EXERCISE DESCRIPTION
Reproduce the records that follow exactly; any picture among them stays out.

RECORDED INFORMATION
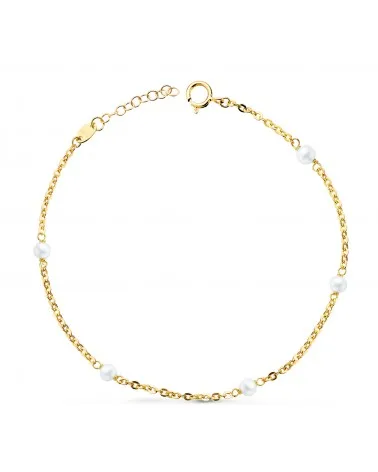 Pulsera oro 18k amarillo 5 perlas de 3,5 mm eslabón forzado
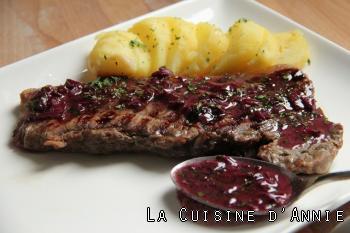 Steak with Red Wine-Shallot Sauce Recipe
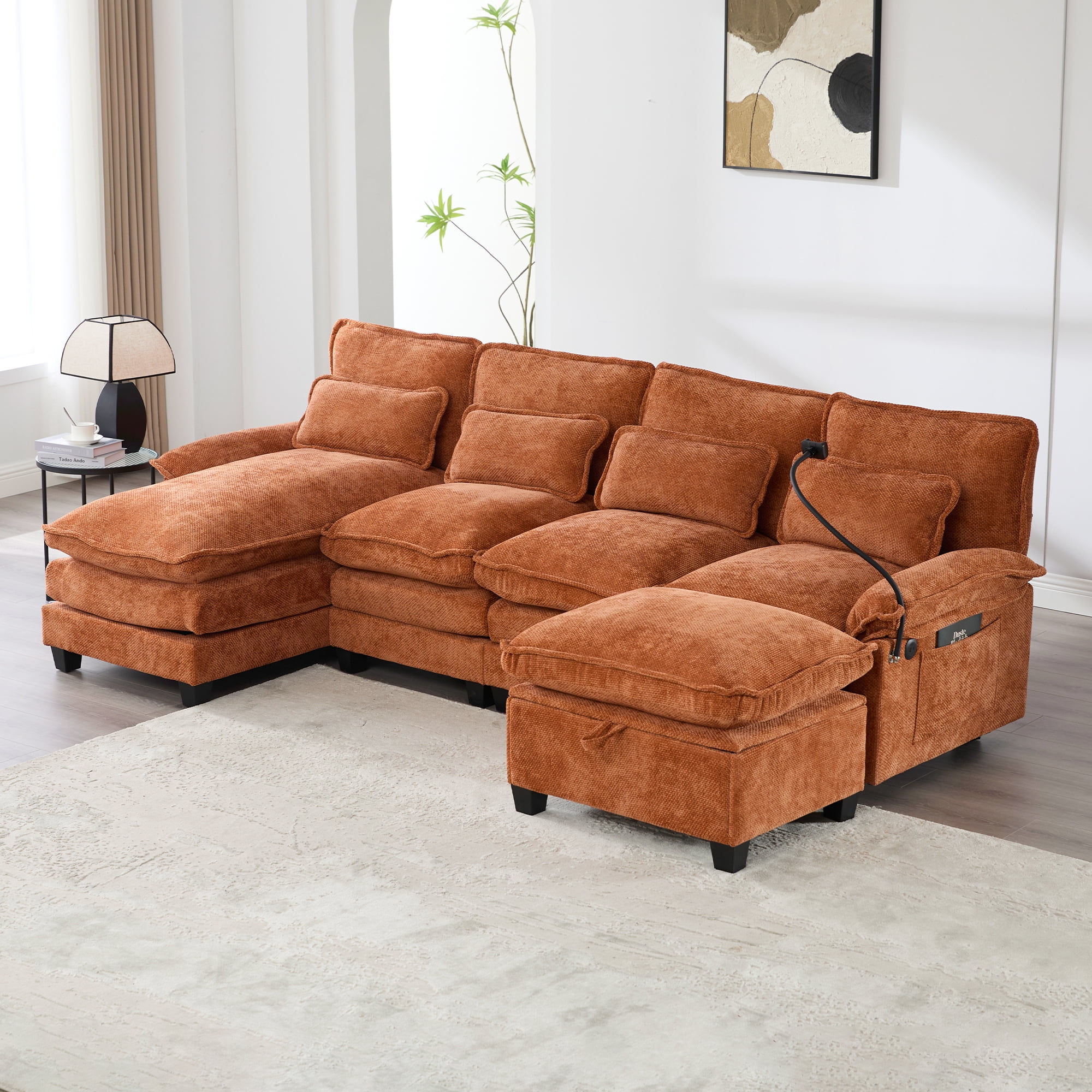 MOONMISS Chenille Upholstered Oversized U-shaped Comfy Modular Sectional Sofa with Storage Ottoman-Orange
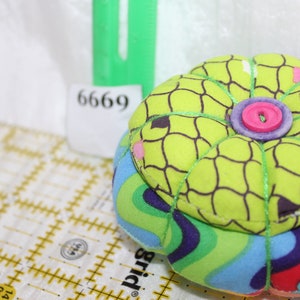Small double Pin cushion 3 inches wide 2 1/2 - 3 inches tall - variety of colors/patterns Lime green & Waves
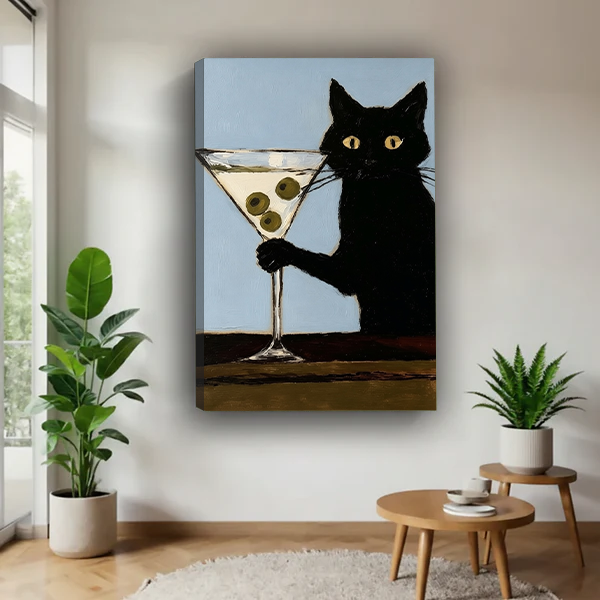 Black cat martini retro pop gallery wrap canvas wall art displayed in bright modern living room interior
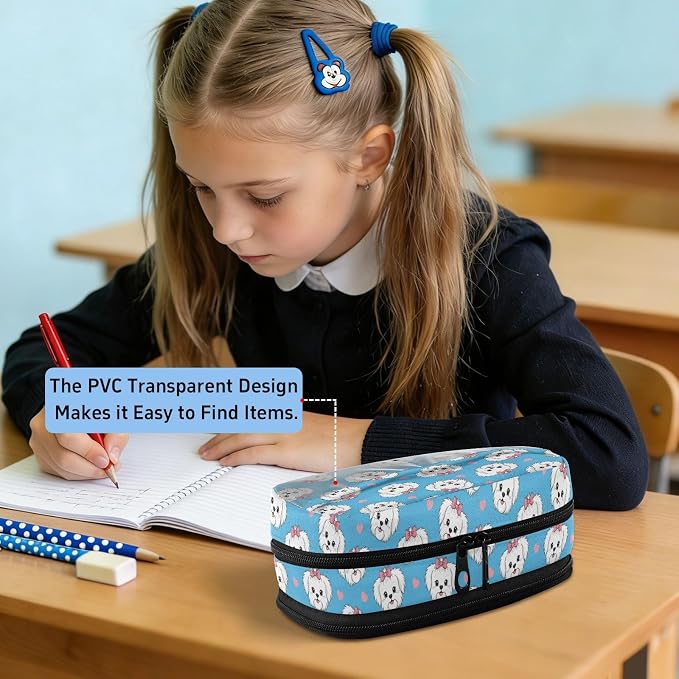 Cute Pets Dog Blue print Large Capacity Pencil Case with Zipper Water Resistant Portable Organizer Pen Bag for Office Students School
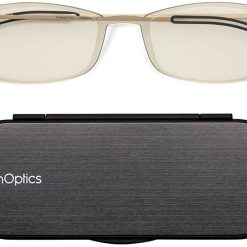 ThinOptics Front Page Blue Light Blocking Computer Glasses + Milano Black Case [Clear +2.00]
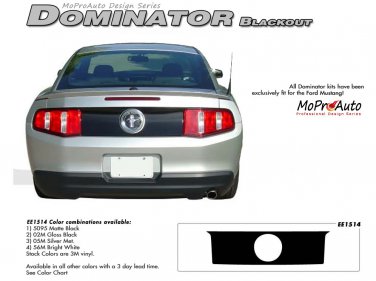 Ford Mustang 2010 2011 2012 "DOMINATOR BLACKOUT" Rear Trunk Decal Graphic and Stripes Kit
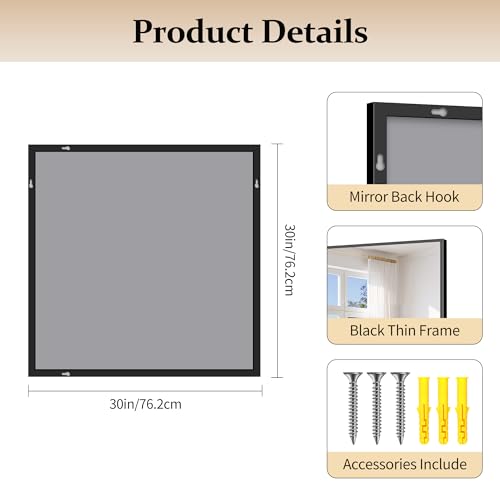 30x30 Inch Black Metal Wall Mirror, Rectangular Modern Vanity Mirror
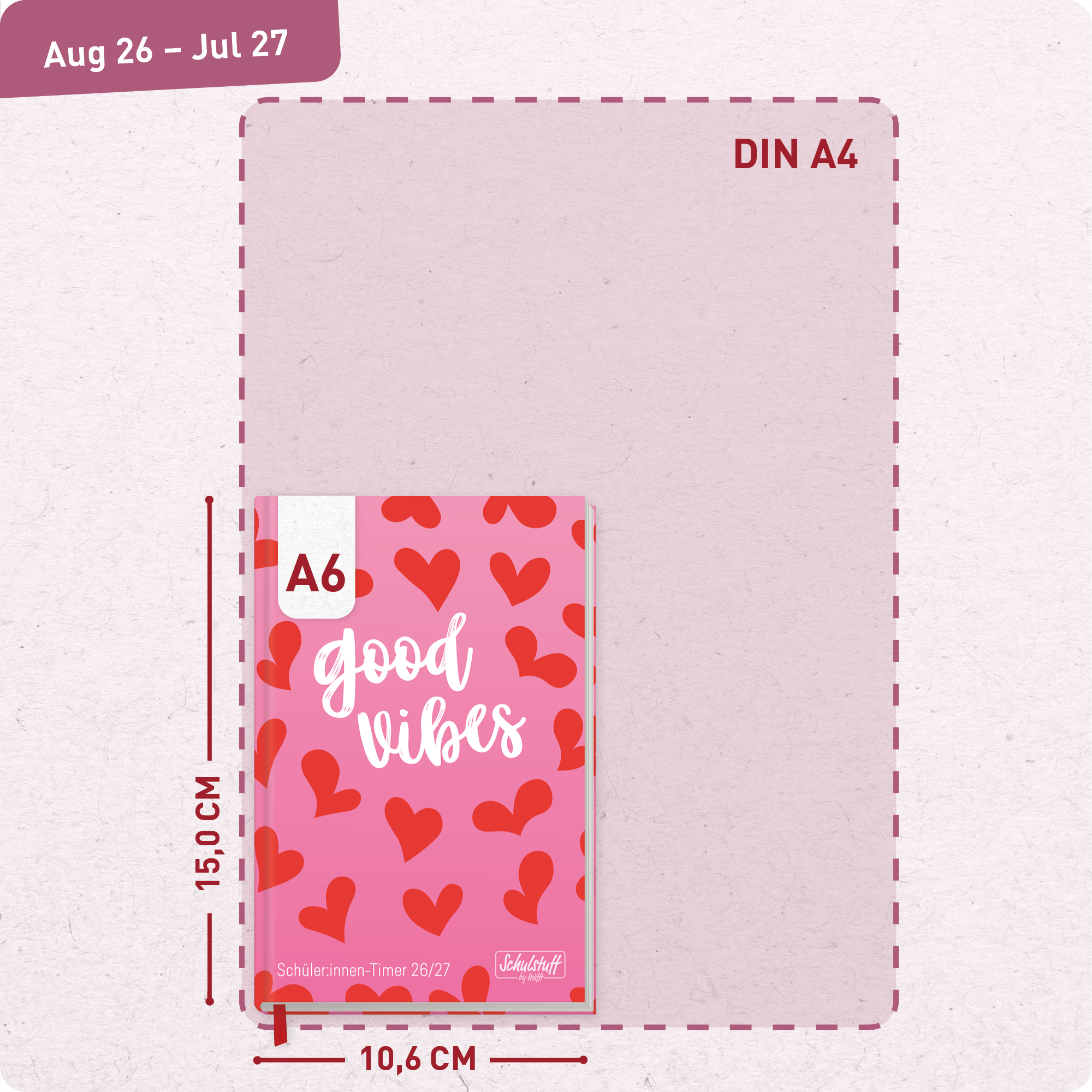 Artikelbild 3 des Artikels “Schulstuff Schüler:innen-Timer A6 2026/2027 [Red Hearts] “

PROBLEM SOLUTION
 Pulsera oro 18k amarillo 5 perlas de 3,5 mm eslabón forzado
 Steak with Red Wine-Shallot Sauce Recipe
 MOONMISS Chenille Upholstered Oversized U-shaped Comfy Modular Sectional Sofa with Storage Ottoman-Orange
Small double Pin cushion 3 inches wide 2 1/2 - 3 inches tall - variety of colors/patterns Lime green & Waves
 Black cat martini retro pop gallery wrap canvas wall art displayed in bright modern living room interior
 Cute Pets Dog Blue print Large Capacity Pencil Case with Zipper Water Resistant Portable Organizer Pen Bag for Office Students School
 ThinOptics Front Page Blue Light Blocking Computer Glasses + Milano Black Case [Clear +2.00]
 Ford Mustang 2010 2011 2012 "DOMINATOR BLACKOUT" Rear Trunk Decal Graphic and Stripes Kit
 30x30 Inch Black Metal Wall Mirror, Rectangular Modern Vanity Mirror
 Artikelbild 3 des Artikels “Schulstuff Schüler:innen-Timer A6 2026/2027 [Red Hearts] “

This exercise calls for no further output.